Question

Problem

A streaming application should perform matching transitively i.e. if A == B & B == C then A == C

Current Implementation

Application accepts domain objects in a streaming fashion and perform matching to filter out all duplicates. A scoring engine helps determine the equality by assigning scores between two domain objects; which would be considered equal if they score above certain threshold. All equal objects are grouped viz. an unique match group is created and only the top scoring object is considered for further processing.

Since the domain objects could flow out-of-sequence and / or randomly, the transitive relations / equality is not achieved as desired. Consequently similar (or almost similar) objects creates different match group and duplicates are submitted to downstream application which create some unacceptable business scenarios.

For e.g. if threshold score for equality is ZERO i.e. for any positive score two domain objects will be deemed equal and considering following scores A & B = 50, A & C = -30 & B & C = 70 below situations arise

Situation 1
Considering sequence as A followed by B and C => A will create own match group as it is processed first with no other matching objects available. B will join A in same match group (since positive score of 50 with A) C will join B in same match group (since positive score of 70 with B) [Note - The negative score between A & C will not be considered as B & C has positive score]

This is desired where all objects joins same match group.

Situation 2
Considering sequence as B followed by C and A => B will create own match group as it is processed first with no other matching objects available. C will join B in same match group (since positive score of 70 with B) A will join B in same match group (since positive score of 50 with B) [Note - The negative score between A & C will not be considered as B & A has positive score]

This is desired where all objects joins same match group.

Situation 3
Considering sequence as C followed by A and B => C will create own match group as it is processed first with no other matching objects available.
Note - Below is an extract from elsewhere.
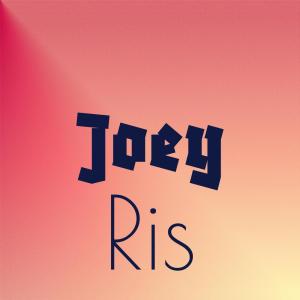 Listen to Kid Waitress song with lyrics from Mosa Roin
A will create its own match group (since negative score of 30 with C) B will join C in first match group (since positive score of 70 with C) [Note - Although B has positive score with both A as well as C, it will join C's match group as it has higher score with C as compared to A]

This is not desired as two match groups are created, whereas all objects should have joined same match group, them being similar (or almost similar). The downstream system will receive two match groups where it expected only single thus causing business problems.
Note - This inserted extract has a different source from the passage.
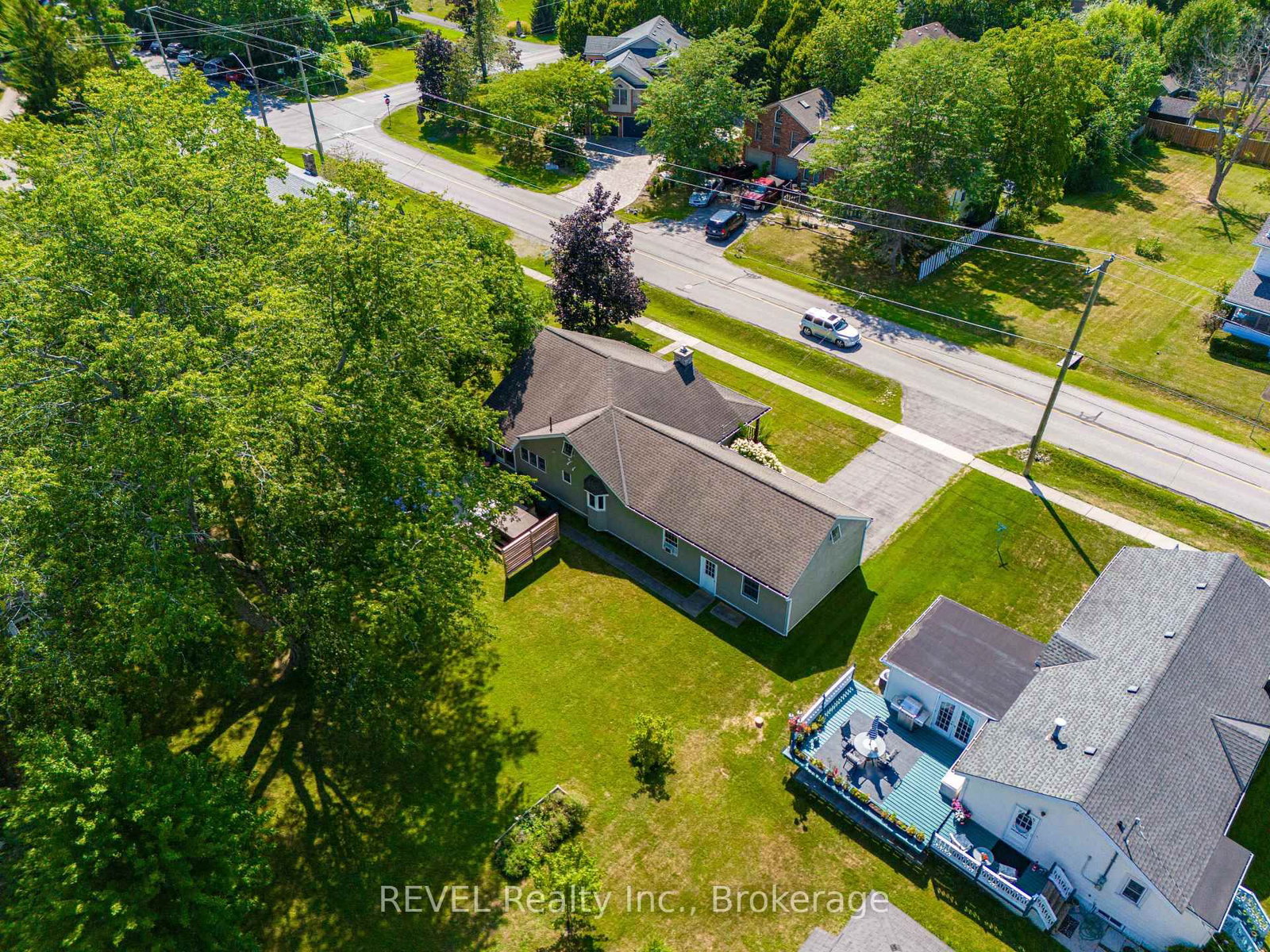 60 Bernard Avenue • Fort Erie, ON photo 44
Current solution to overcome transitive in-equality

In case of situation 3 the moment an object i.e. B has more than one positive score across more than one match group it will join the match group with highest score (i.e. match group of C) and trigger re-processing for rest of the match group(s) (i.e. match group of A) and all of their objects i.e. A. Thus when these object(s) i.e. A is re-processed it will find positive match with B and will join B in same match group of B & C which will essentially have all of them together in same match group.
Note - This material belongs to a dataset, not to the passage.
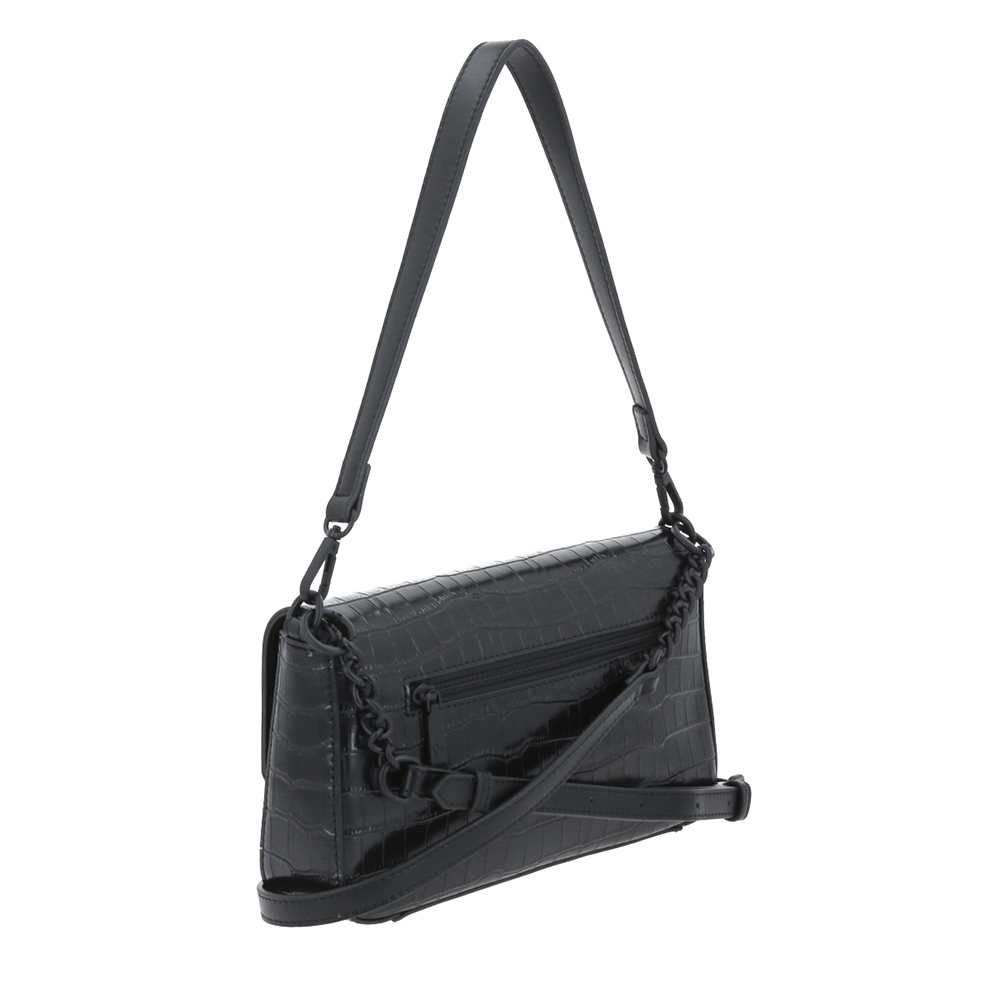 BOLSO BANDOLERA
Limitations / Challenges faced
Although the above solution (more of a workaround to me) works for smaller set of data (couple of hundred or thousands sometime), it goes for toss for larger set of data, say when millions of objects are processed in an hour or so. The re-processing occurs multiple time thus reducing the overall throughput of system. Also the solution is not immune to race-condition e.g. in case the re-processed match group has more than one objects, it again can potentially have different match group for similar objects.

Expected outcome

An algorithm which will ensure that out-of-turn processing of similar (or near similar) objects ensures that they join same match group. Addressing race-condition would be add on however not must have as of now.

EDIT 1 -
Similarity Score
Every domain object has few properties which are considered for equality in a weighted fashion i.e. property X has highest weight while Y & Z has lower weight. Thus if two domain objects has similar X but not Y & Z the similarity score will be higher as compared to those which has Y & Z similar but not X.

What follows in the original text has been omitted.